Batch custom tee function redirect to file is inconsistent

Summary

The batch tee function fails to handle raw binary byte streams correctly, resulting in data corruption where ASCII characters are replaced by garbled output (e.g., “Hello World” becomes “效汬潗汲⁤਍”). The root cause is a mismatch between the input encoding and the batch processing logic. The input stream is likely UTF-16 encoded (standard output from PowerShell or certain Windows commands), but the batch script reads it as if it were ASCII/ANSI and processes it using tokenization. This causes multi-byte characters to be misinterpreted, split across tokens, and reassembled incorrectly during the output phase.

Root Cause

The specific technical failures in the implementation are:

  • UTF-16 vs. ASCII Mismatch: The input stream entering the pipe is UTF-16 LE (Little Endian). In UTF-16, the character ‘H’ (ASCII 0x48) is represented as bytes 0x48 0x00. The batch command FIND /N /V "" echoes lines with a prefix like [1] followed by the line content. However, because the input contains null bytes (0x00) between every character, the FOR /F loop (which uses space and tab as default delimiters) sees the null bytes as delimiters, effectively breaking the data into garbage tokens.
  • Line Ending Corruption: The input likely contains Carriage Return + Line Feed (\r\n). The FIND command adds its own CR LF at the end. The FOR /F loop parses lines, but due to the encoding issues, it fails to correctly identify where the original line ends, often stripping or mangling the final carriage return.
  • Tokenization Logic Error: The line FOR /F "tokens=1* delims=]" ... attempts to strip the [1] prefix. However, due to the UTF-16 interleaving, the ] character (bytes 0x5D 0x00) appears differently in the stream. The parser fails to find the ] as a clean delimiter, leading to it processing the raw bytes.

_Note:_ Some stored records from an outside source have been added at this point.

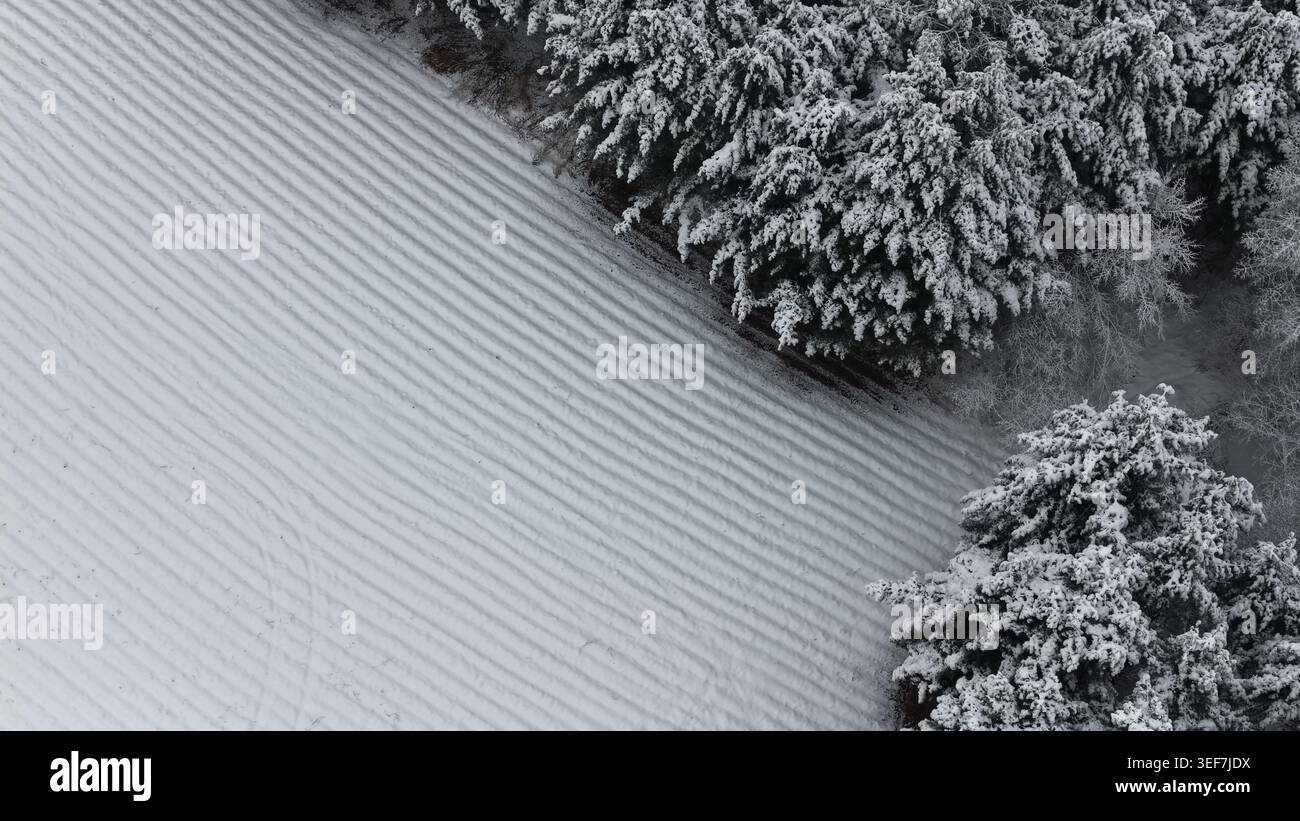 Luftaufnahme von schneebedecktem Wald und offenem Feld Stockfoto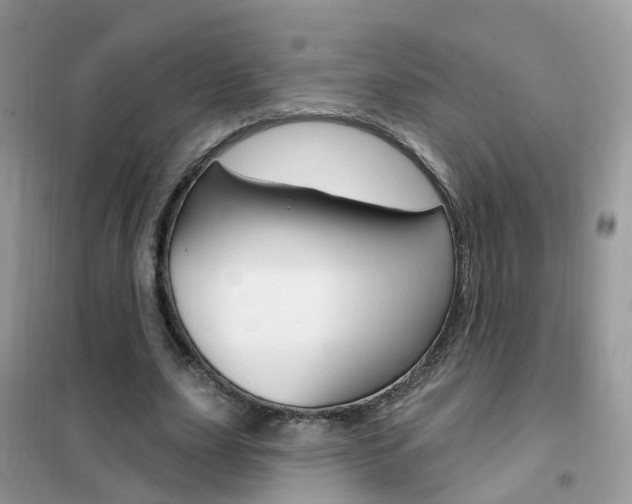 X0000102350631200808010936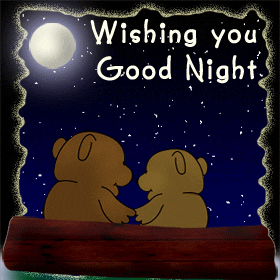 Wishing u Good Night!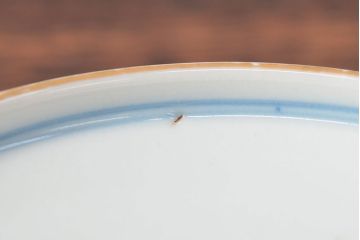 大清光緒年製　色絵染付蓋茶碗2客セット(伊万里、中国?)(R-052049)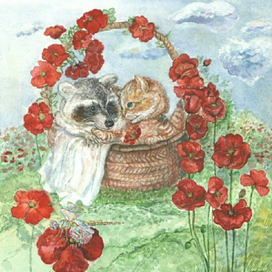 енотик и котенок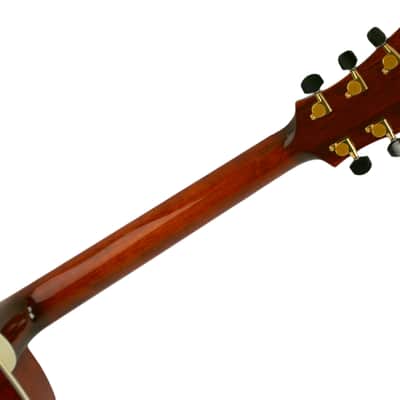 Eastman AR810CE image 6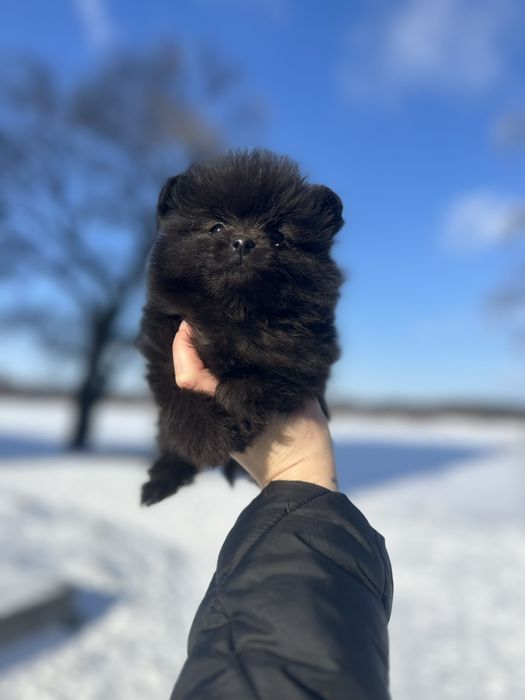 Щенки помернского шпица мини разные окрасы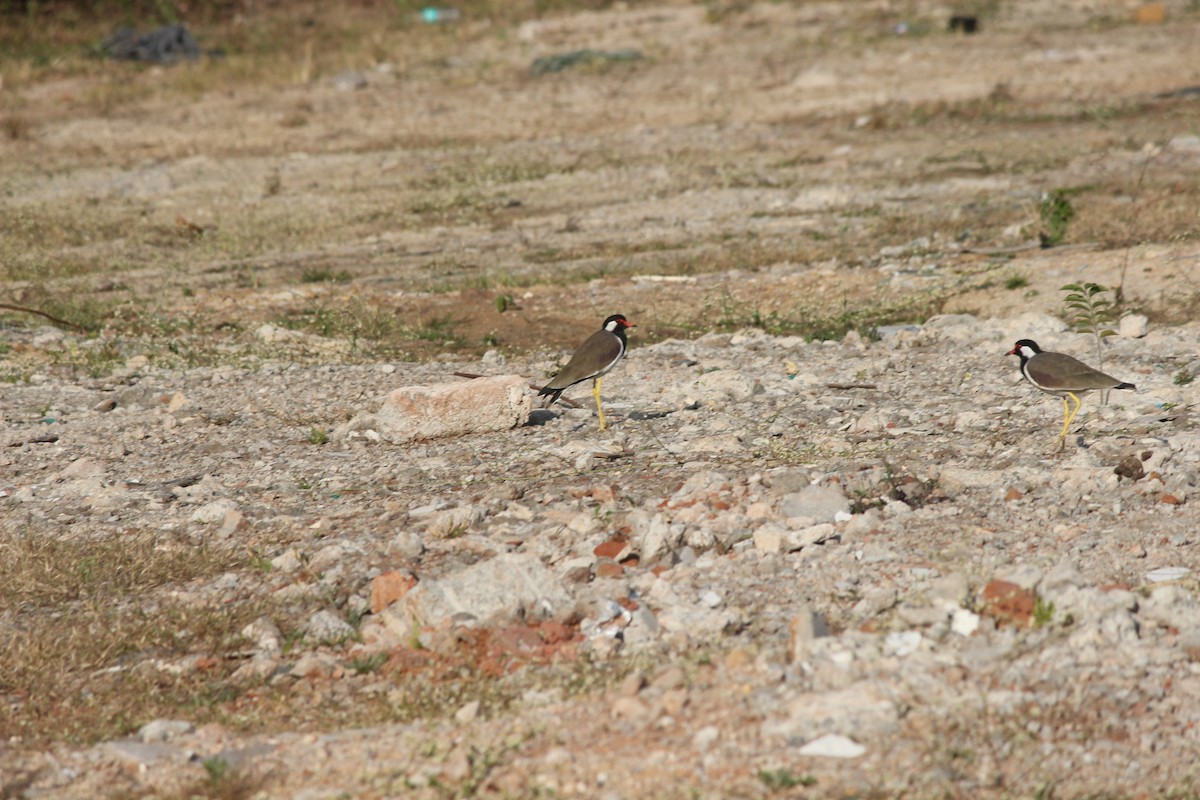 Украшенный чибис - ML647272433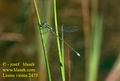 Lestes_virens_2475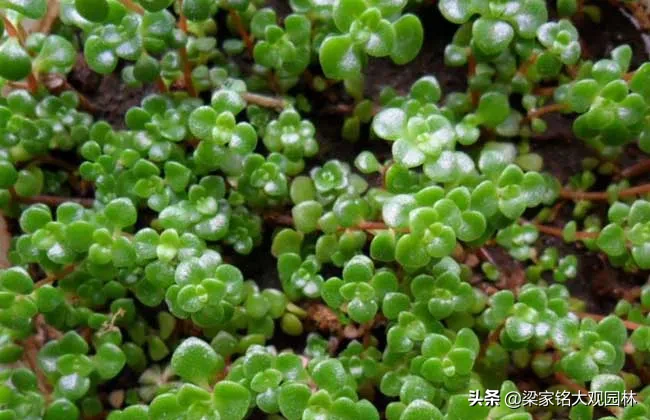 花友交流圈 景天属，一年生或多年生草本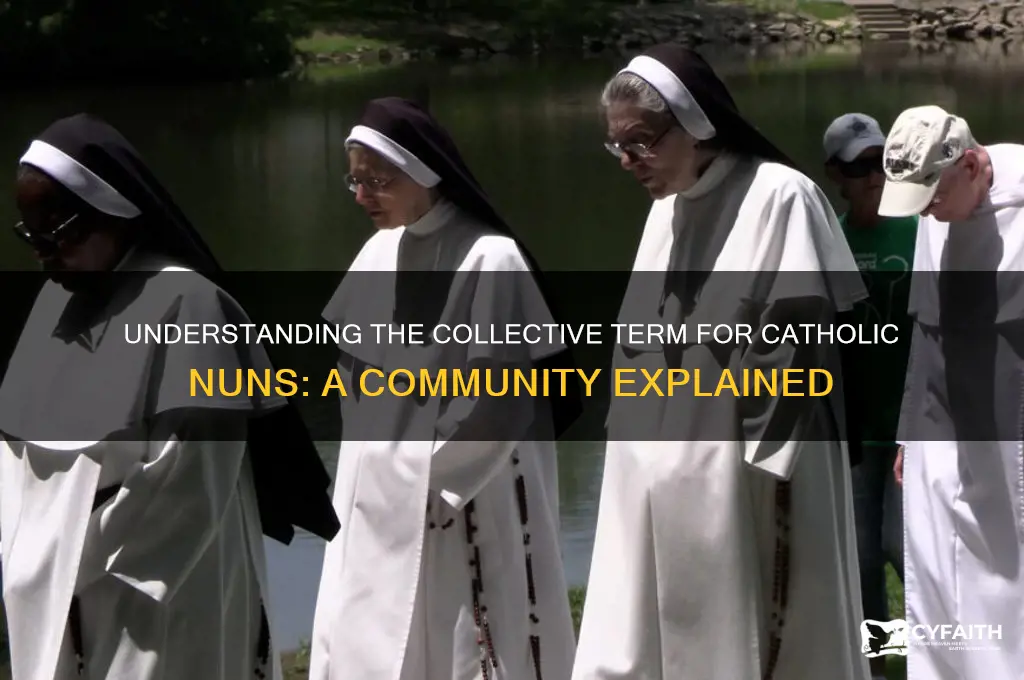 what is a group of catholic nuns called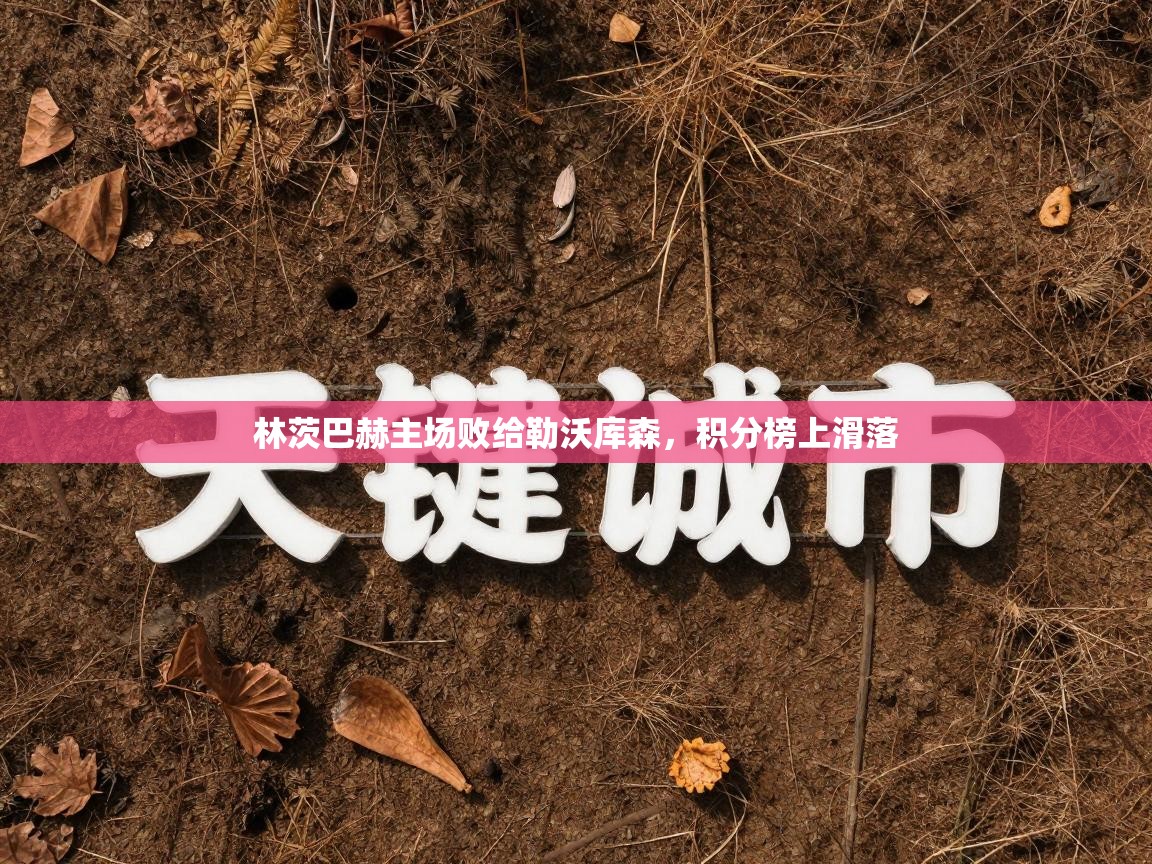 开云·体育kaiyun官方网站_kaiyun sports-林茨巴赫主场败给勒沃库森,积分榜上滑落 第3张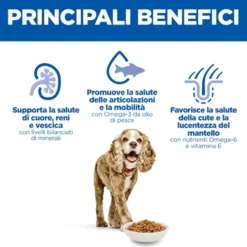 Hill's Science Plan Small & Mini - Senior 11+ - Pollo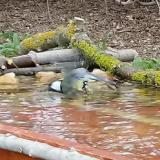 photo 2021-04-03 12-42-31 cinke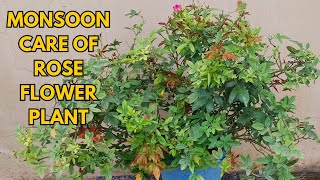 Monsoon care of Rose flower plant [upl. by Charmane]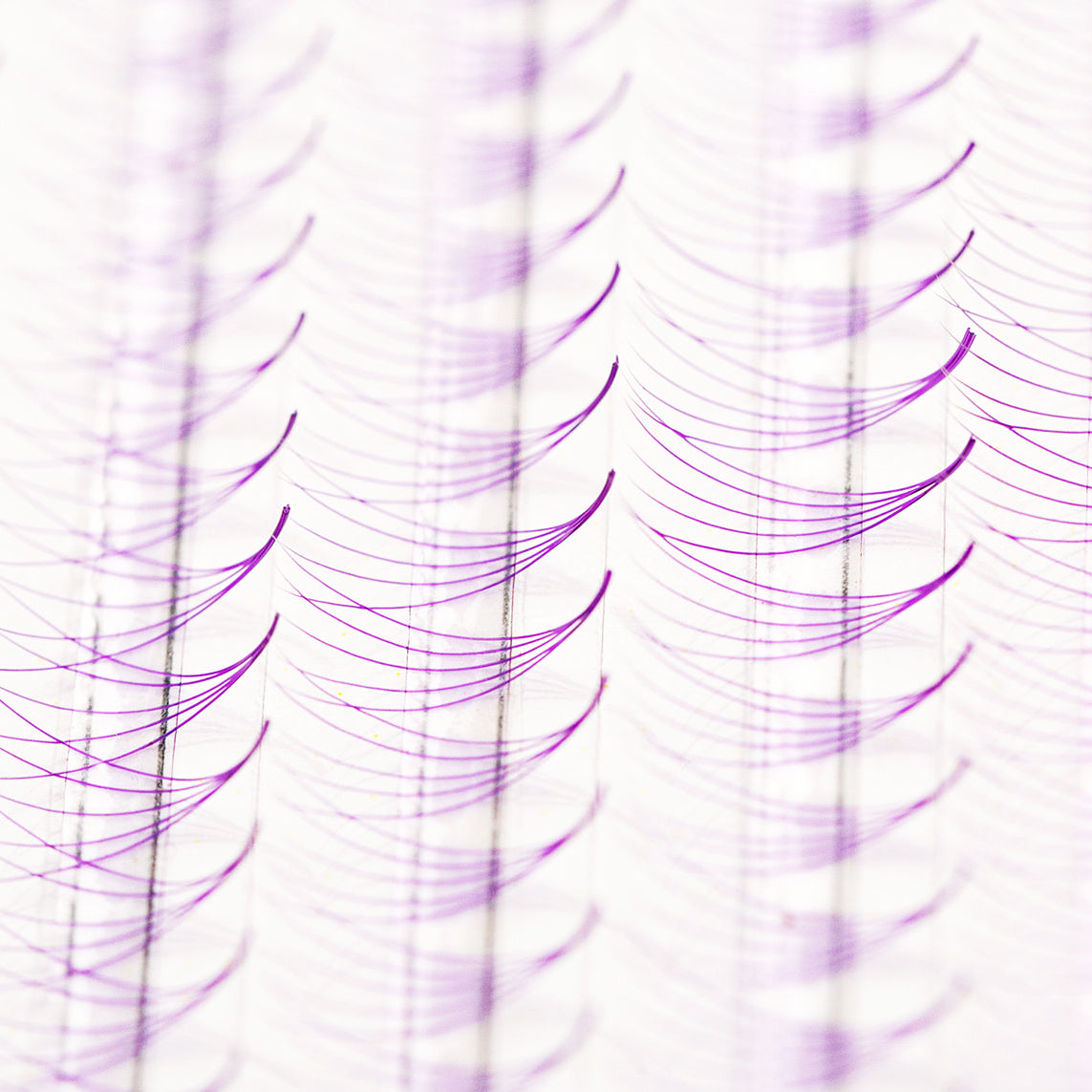 The Bold Collection: Purple 5D ProMade  Fans - Mix Length - 0.07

Why This Happens in Real Systems

Windows batch scripting is a legacy technology built on the MS-DOS architecture, which predates Unicode standards. It natively operates on the active Code Page (ANSI).

  • PowerShell Integration: Modern Windows automation often involves piping data from PowerShell (powershell -c "..." | .\tee.bat) or WSL. PowerShell defaults to UTF-16 for pipeline communication with external native executables in certain contexts, or the console output is converted to UTF-16.
  • Byte-Stream Blindness: Batch file commands like FOR /F treat the input stream as a text file. If that stream contains multi-byte characters, batch does not natively decode them. It simply reads bytes. A single UTF-16 ‘A’ looks like two bytes: 0x41 0x00. Batch reads 0x41 (ASCII ‘A’), ignores the null 0x00 (often treated as whitespace or token separator), and then reads the next character, breaking the data structure.

Real-World Impact

  • Data Corruption: Files written by this script are unreadable by standard text editors (Notepad, VS Code) which expect valid text encoding.
  • Silent Failures: Since the console output looks correct (if the console handles the encoding conversion visually), the corruption is often not detected until the file is used in a downstream process.
  • Debugging Nightmare: The garbage characters (“效汬潗汲⁤਍”) are cryptic and do not immediately point to an encoding issue, leading developers to blame the pipe source or the ECHO command itself.

Example or Code

The following Python script simulates the exact byte stream that causes the failure. It writes “Hello World” in UTF-16LE (as many Windows tools do) and prints the hex values to show why the batch parser fails.

import os

# Simulate the input stream being UTF-16LE, which is common in Windows pipelines
# "Hello World" in UTF-16LE is:
# H(48 00) e(65 00) l(6c 00) l(6c 00) o(6f 00) (space 20 00)
# W(57 00) o(6f 00) r(72 00) l(6c 00) d(64 00) CR(0d 00) LF(0a 00)
input_bytes = b'H\x00e\x00l\x00l\x00o\x00 \x00W\x00o\x00r\x00l\x00d\x00\r\x00\n\x00'

# Create the input file for the test
with open('utf16_input.txt', 'wb') as f:
    f.write(input_bytes)

# Demonstrate the byte corruption visually
print("--- Hex Dump of Input ---")
print(input_bytes.hex(' '))
print("\nWhen Batch processes this byte stream:")
print("It sees bytes: [48][00] -> 'H' then a 'delimiter' (00)")
print("It sees bytes: [65][00] -> 'e' then a 'delimiter' (00)")
print("It creates garbage because it concatenates data incorrectly.")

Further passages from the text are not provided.